I have been looking forward to Dima Adamsky’s The Culture of Military Innovation: The Impact of Cultural Factors on the Revolution in Military Affairs in Russia, the United States, and Israel (very wordy title) for a while, so I was very excited when Stanford University Press sent me a review copy (I suppose I should note as a full disclosure that I regularly receive review copies from them as well as other publishers, free of charge). I have followed Adamsky’s work on the Revolution in Military Affairs (RMA) and operational theory generally and have been eagerly awaiting his summary of how the RMA (or, the Military-Technical Revolution in Russia) concept diffused through three military cultures.
      Adamsky’s book does not disappoint. It synthesizes an impressive array of primary source literature as well as fifteen years worth of research by various thinkers in the fields of strategic culture and defense innovation. The book attempts to answer the question of how cultural factors influence military innovation, using the RMA as a case study. Adamsky’s argument is that a combination of strategic culture, institutions, and a loose “cognitive style” put together determine how nations receive and implement strategic concepts. On its surface, this seems rather banal (especially given the weight of strategic diffusion research), but Adamsky develops this argument through a rigorous comparative case study.
      The real strength in his case study, however, is examining how the aggregation of factors produced vastly different RMAs. The Soviet Union’s General Staff functioned as an institution capable of generating innovative and futuristic concepts–out of proportion to the sclerotic Red Empire’s ability to actually implement them on the battlefield. The United States attempted to use the Office of Net Assessment (ONA) as a similar body but it lacked the central coordinating power, and RMA-oriented concepts instead were driven by technology. Israel, in turn, with a defense structure heavily oriented towards improvisation, ended up getting a confusing concept of operations that even IDF Chief of Staff Dan Halutz did not understand.
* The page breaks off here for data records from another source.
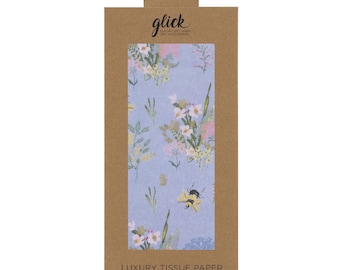 Stephanie Dyment Blue Bees Glick 4 sheets tissue wrapping paper 50 x 75 cm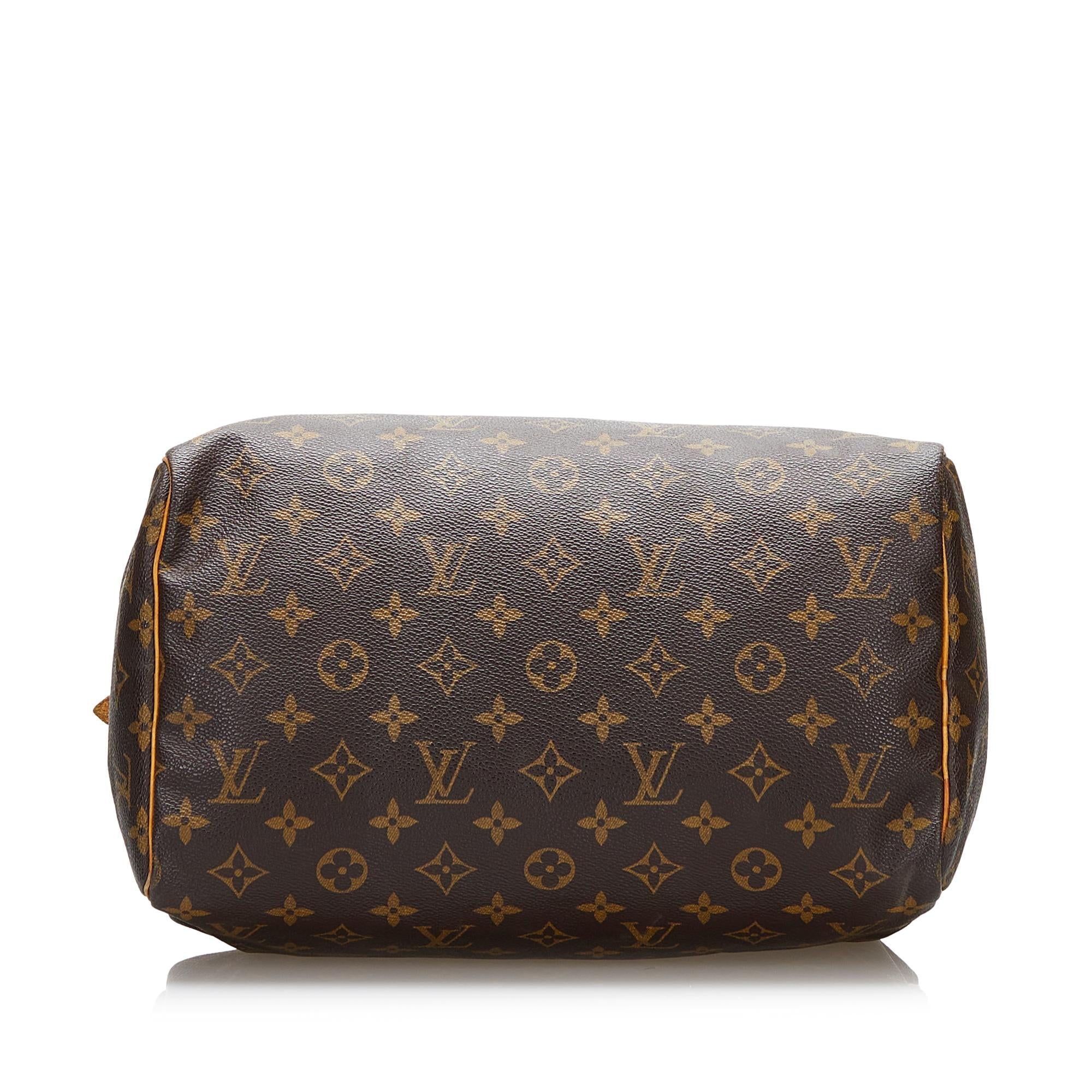 Louis Vuitton Monogram Speedy 30 (SHG-37146)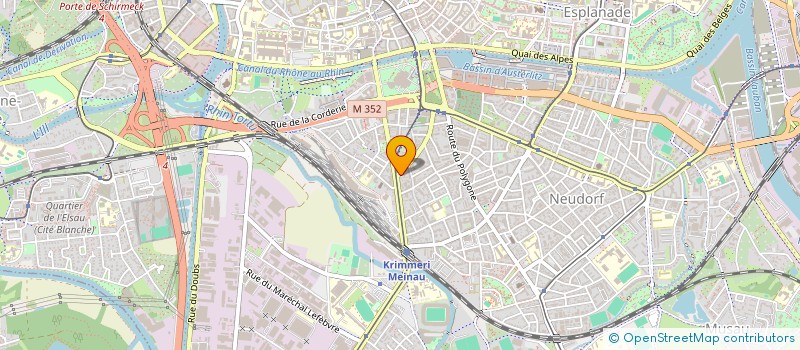 localisation de l'entreprise AKDENIZ SARL à STRASBOURG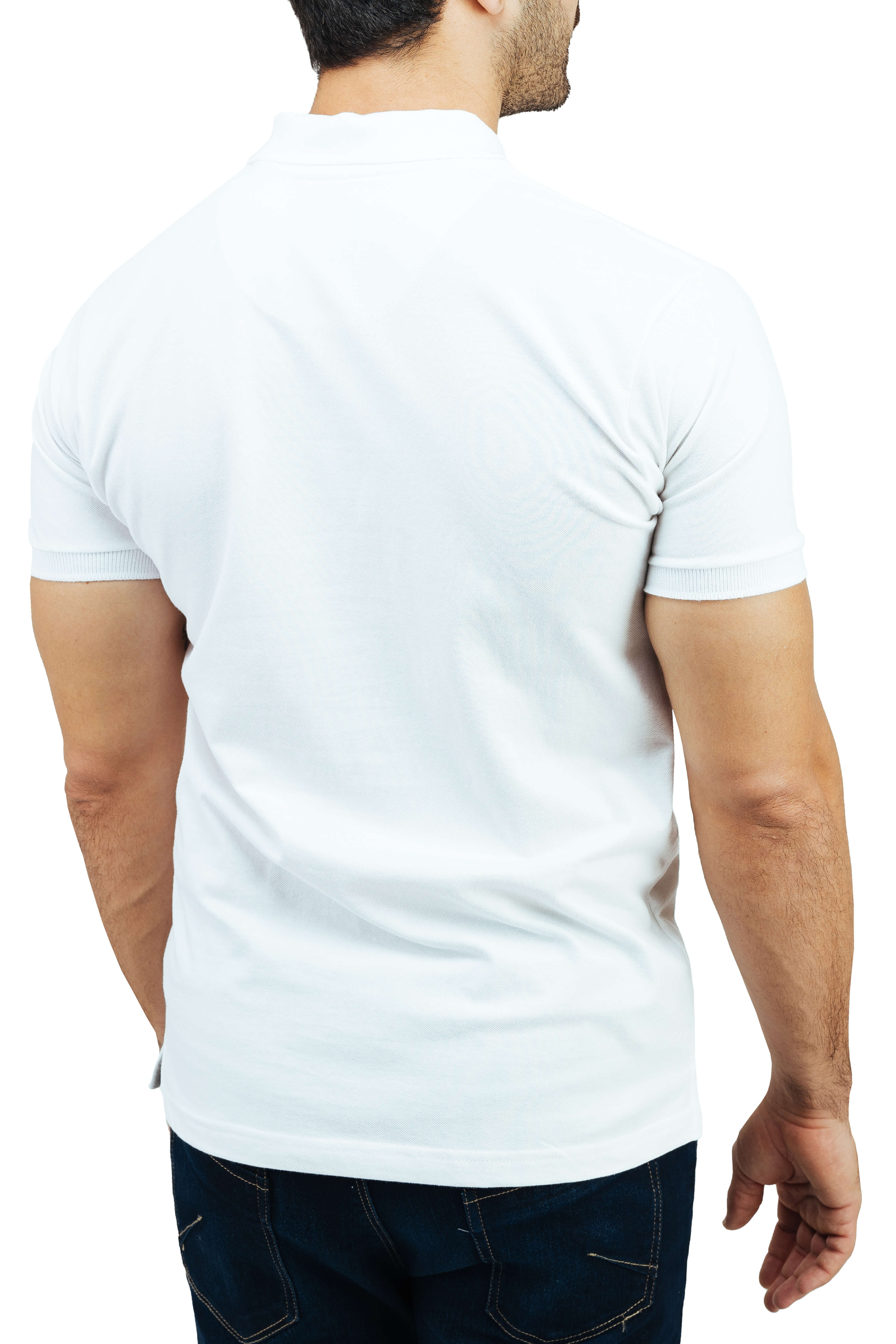 Foto 6 pulgar | Playera Tipo Polo Rams Cottons Roger Blanco Corte Slim Fit para Hombre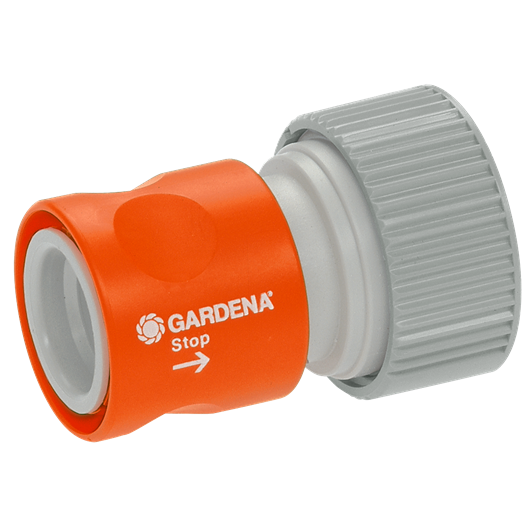 Gardena Profi-System átmeneti elem vízmegállítóval, 19 mm (3/4") tömlőkhöz termék fő termékképe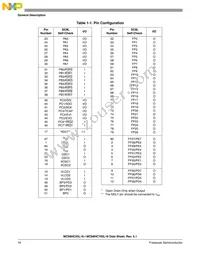 MC705L16CFUE Datasheet Page 16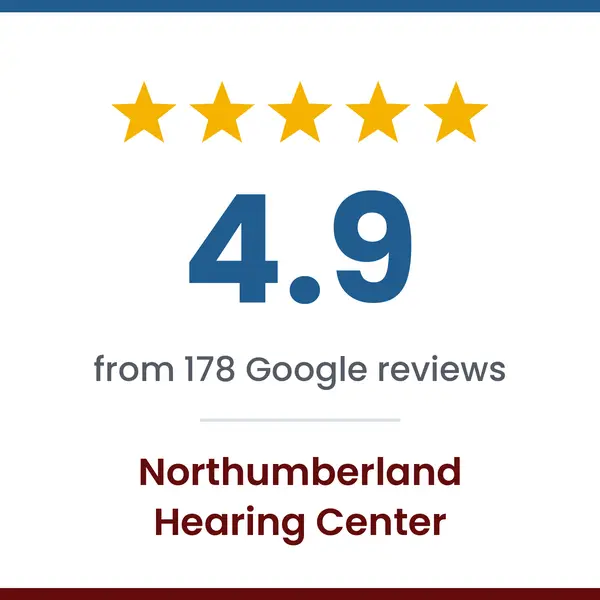 Northumberland Hearing Center rated 4.9 stars from 178 Google reviews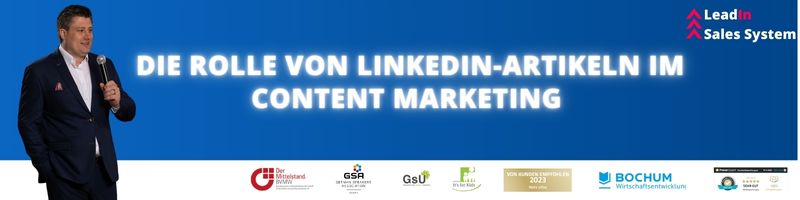 Die Rolle von LinkedIn-Artikeln im Content Marketing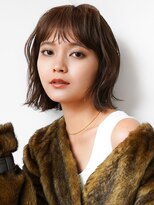 ロエ 福山川口店(loe)&nbsp;【loe】グレーベージュ×レイヤーカット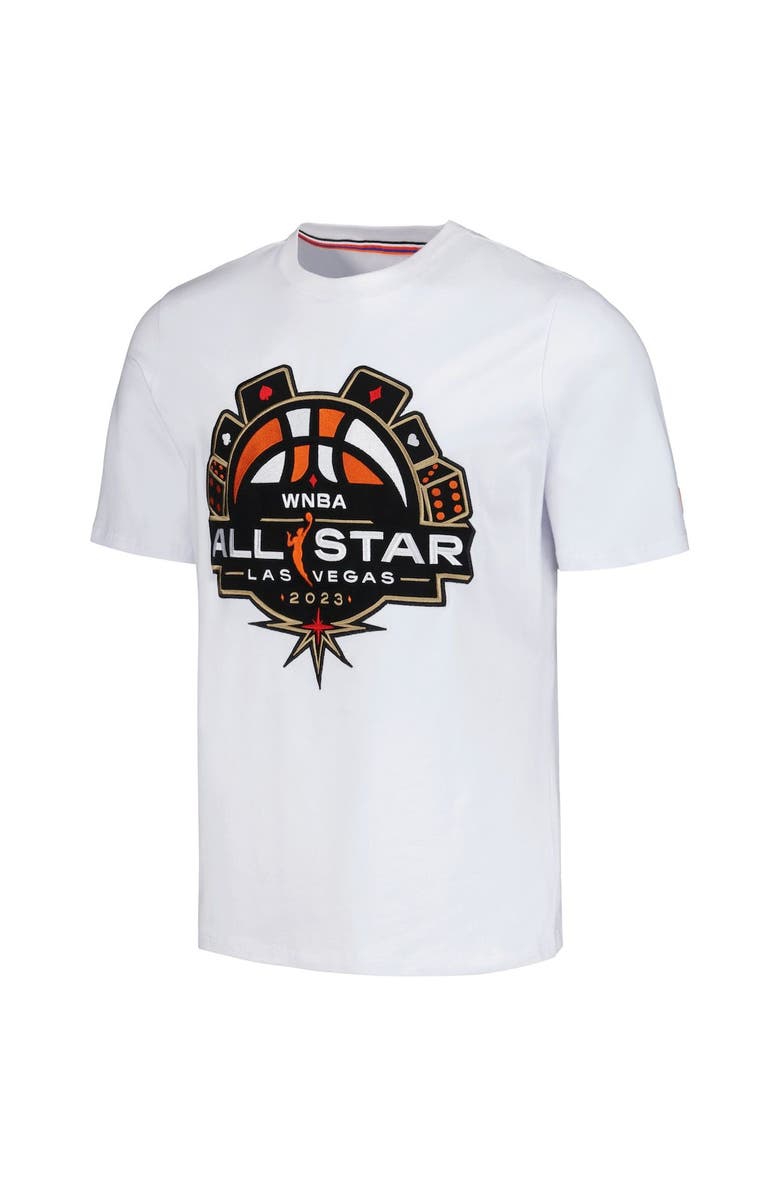 FISLL Unisex FISLL White 2023 WNBA All-Star Game Applique T-Shirt, Alternate, color,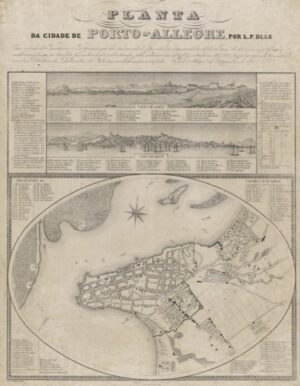 Mapa De Porto Alegre 1830
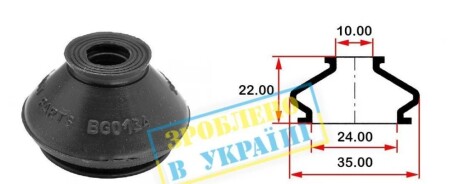 Пыльник шаровой опоры BELGUM PARTS BG0134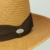 Mayser Torino Panamahut Strohhut Fedora aus Stroh - braun 60 - 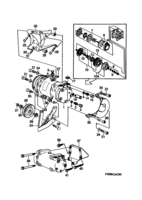 Chauffage et ventilation [Chauffage et ventilation] Saab SAAB 9000 Compresseur AC, R12, (1990-1992)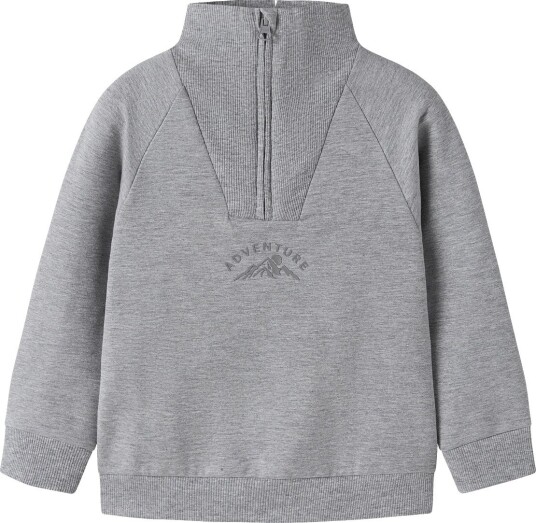 Name It Nmmoscar Ls Nreg Half Zip Sweat Bru GREY MELANGE 116 Name It Nmmoscar Ls Nreg Half Zip Sweat Bru GREY MELANGE 116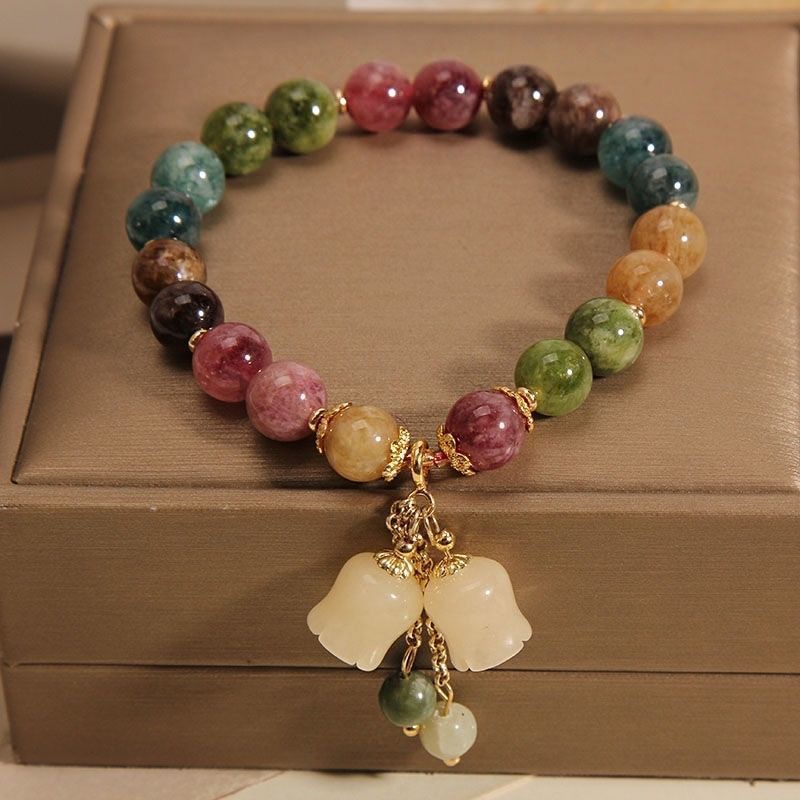 Color tourmaline bracelet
      The book’s weakness, however, lies in the integration of cognitive and epistemological factors with the more familiar discipline of strategic culture. Adamsky’s discussion of “high context” and “low context” cultures and cognitive style is fascinating but underdeveloped. Perhaps this is the “final frontier” for strategic culture as well–how best to integrate cognitive factors into the familiar anthropological, organizational, political, and material combination often seen in discussions of strategic culture and military innovation.
      What the book suggests for the future is that what we may have not seen the last of the RMA concept. In an era when defense discussion focuses heavily on varying forms of irregular warfare, Adamsky suggests that the issues raised by the RMA–the radical conventional extension of the battlefield inherent in Air-Land Battle, Follow-on-Forces Approach and the Soviet Reconnaissance Strike Complex constitute an emerging issue that has still not satisfactorily been addressed in defense theory.